The team relied on the last two years of sales data for the distribution of colors of products sold, which showed blacks, grays, and neutrals are popular while neon hues were less in demand.

The final factor to be folded into the model was measuring customer choice. “What defines this is essentially what we call the seasonal assortment,” explained Jake Pratt. “A merchant decides for each season what to buy, where to sell it, etc. We use that information, along with a lot of logic that we’ve had to build in for edge cases, to determine what our denominator should be, what the ‘out of total SKUs’ number should be.”

This allows search results to better represent the stock that REI’s knowledgeable buyers thought should be available on the sales floor.

Put It All Together and What Do You Get

Each SKU’s availability is indicated with a one (available) or zero (unavailable). There are, however, multiple business rules that influence this binary measure. For example, some items, such as boats or fuel, can’t be shipped to certain locations, or at all.

Combining binary SKU availability with the three factors previously described in a simple algorithm produces a weighted product availability score (WPA).

In the example above, four of a total six possible SKUs are available so without any additional factors input, the WPA (4/6) would be 0.66. When size, color, and customer choice weights are included in the calculations, the product’s WPA drops to 0.56. This makes logical sense as the medium sized helmet is unavailable in one color variety and the large size is unavailable in the other color. Since these are the sizes that fit the majority of the population, this limited availability would affect more shoppers, shoppers who would consider those products “unavailable” since they are not available in their size.

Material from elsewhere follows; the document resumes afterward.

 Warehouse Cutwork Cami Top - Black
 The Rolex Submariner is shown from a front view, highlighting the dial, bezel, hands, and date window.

With a lower WPA, the product will be displayed lower in search results than if the additional factors were not figured into relevancy, the exact results REI was after.

Integrating the Solution with Search

With the model successfully built, the search team led by Lead Software Engineer Josh Groppe was handed a couple of challenges:

  • How should the model be factored into search relevancy calculations
  • How can the impact of the changes be measured

REI runs its product discovery search on Lucidworks Fusion integrated with FindTuner by Innovent Solutions used to manage business and merchandising rules. It uses signals aggregated from user clickstream data in its formula to determine relevancy, which, prior to incorporating the WPA, was done with this formula: (Document Score * Signals Boost)+ Business Score

Implementing the WPA score dampens the previous score proportional to how available the product is and products are reordered in search results accordingly.

Measuring the Impact

To understand the true value created by this change, in addition to measuring variations in KPIs using A/B testing, benefits to the customer experience also had to be gauged.

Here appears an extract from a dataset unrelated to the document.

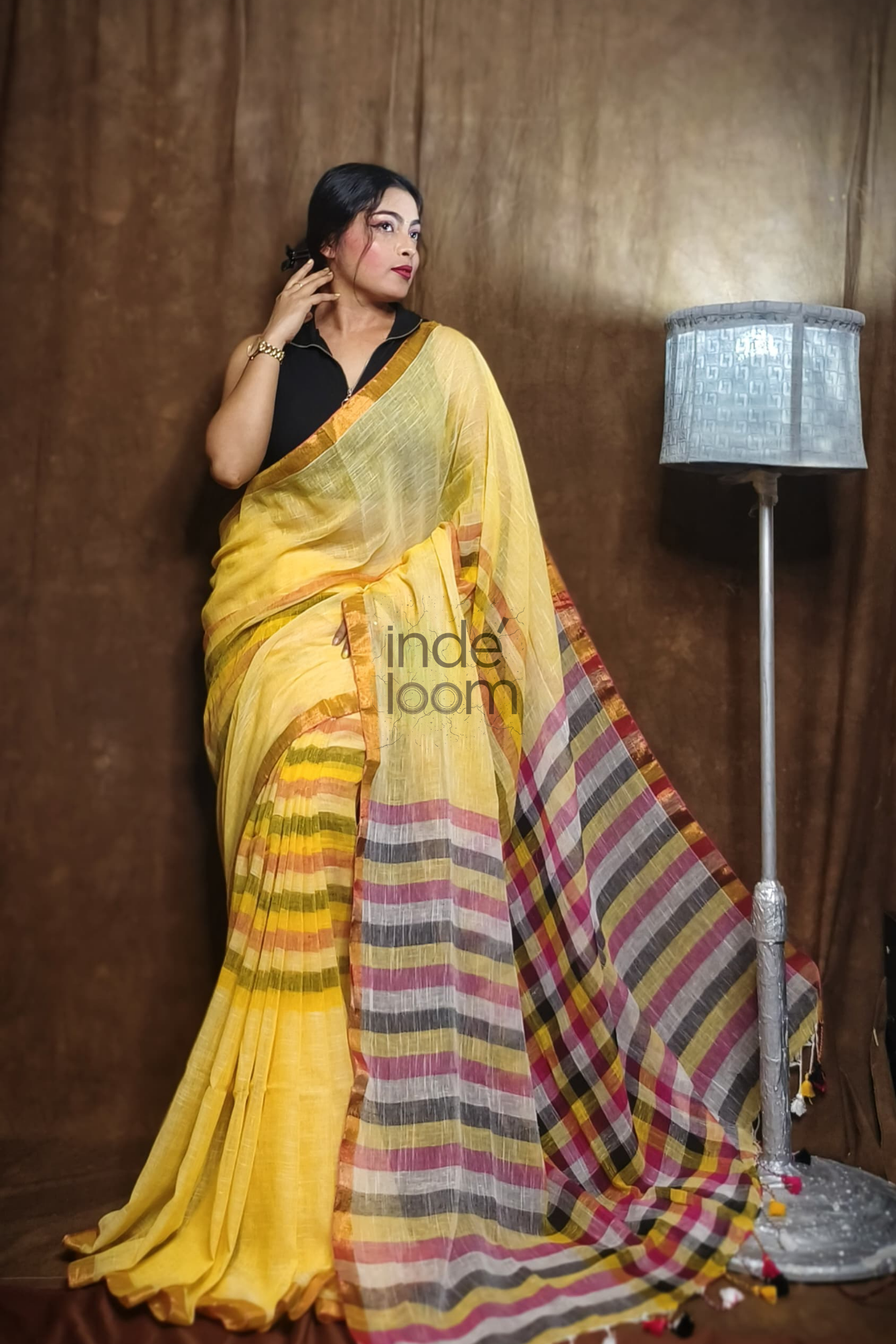 Handloom Linen Checks Saree with Mango Yellow-004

User experience benefit was measured with something REI calls “shadow querying.” The way shadow querying works is for every search request made by a shopper, behind the scenes two requests are created. The primary request returns results to the user. The secondary request is sent through mechanisms that include the new model. Any variety in the two result sets are recorded and analyzed.

With the new model successfully integrated, a product with low availability now moves from a top result to much farther down the page.

Lessons Learned

At this phase, REI has learned a few important things from this project. The first being that data hygiene is a huge challenge. The project unearthed data challenges REI had with availability outside of search. This discovery alone produced tremendous value.

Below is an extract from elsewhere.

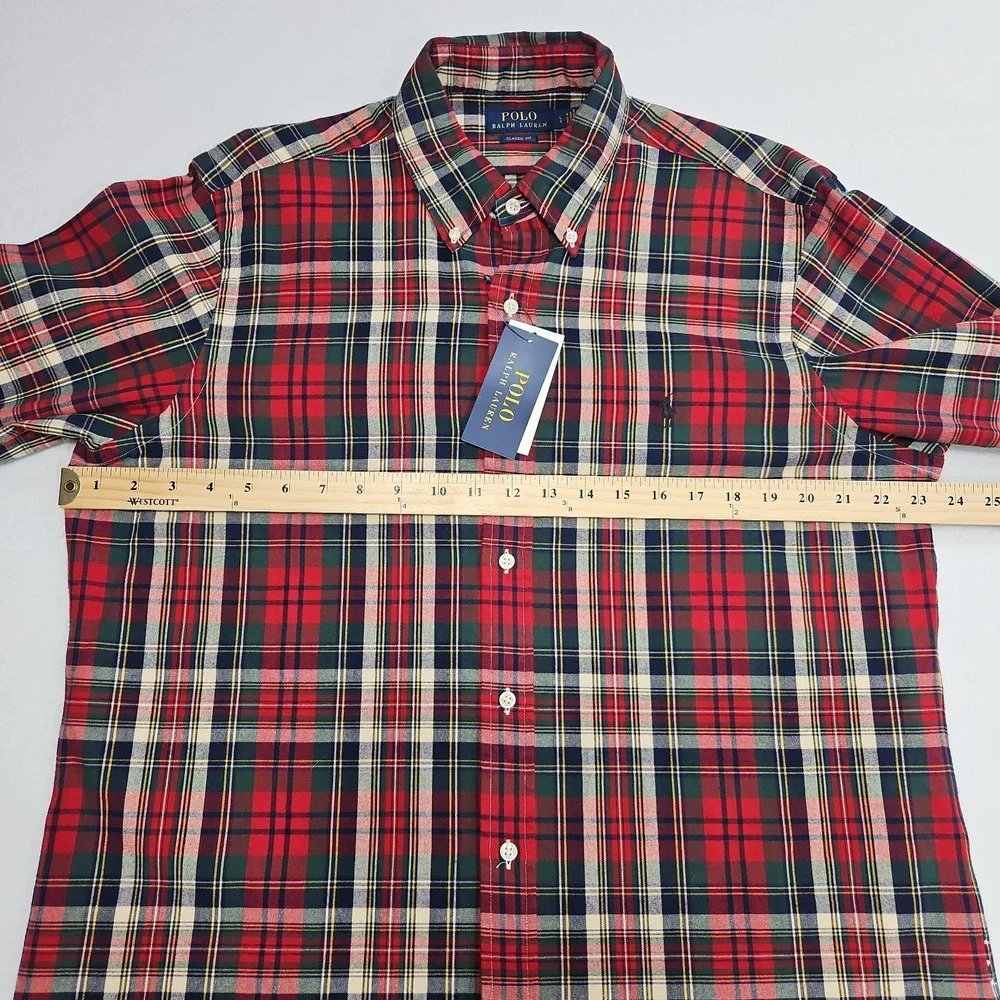 Polo Ralph Lauren Classic Fit Plaid Oxford Button Down Shirt Red Green Mens L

Another lesson is that for a model that factors size and color into availability, products that only have one SKU, like tents, should be removed from the A/B test, as they’ll dilute the results. Single SKU products are either available or not so don’t need to be put through the availability algorithm.

Above all, Luke Warwick said, “be persistent. Introducing new models into your relevance algorithm is going to run into challenges along the way, but being persistent will help you push through those and ultimately deliver the value to your customers that they deserve.”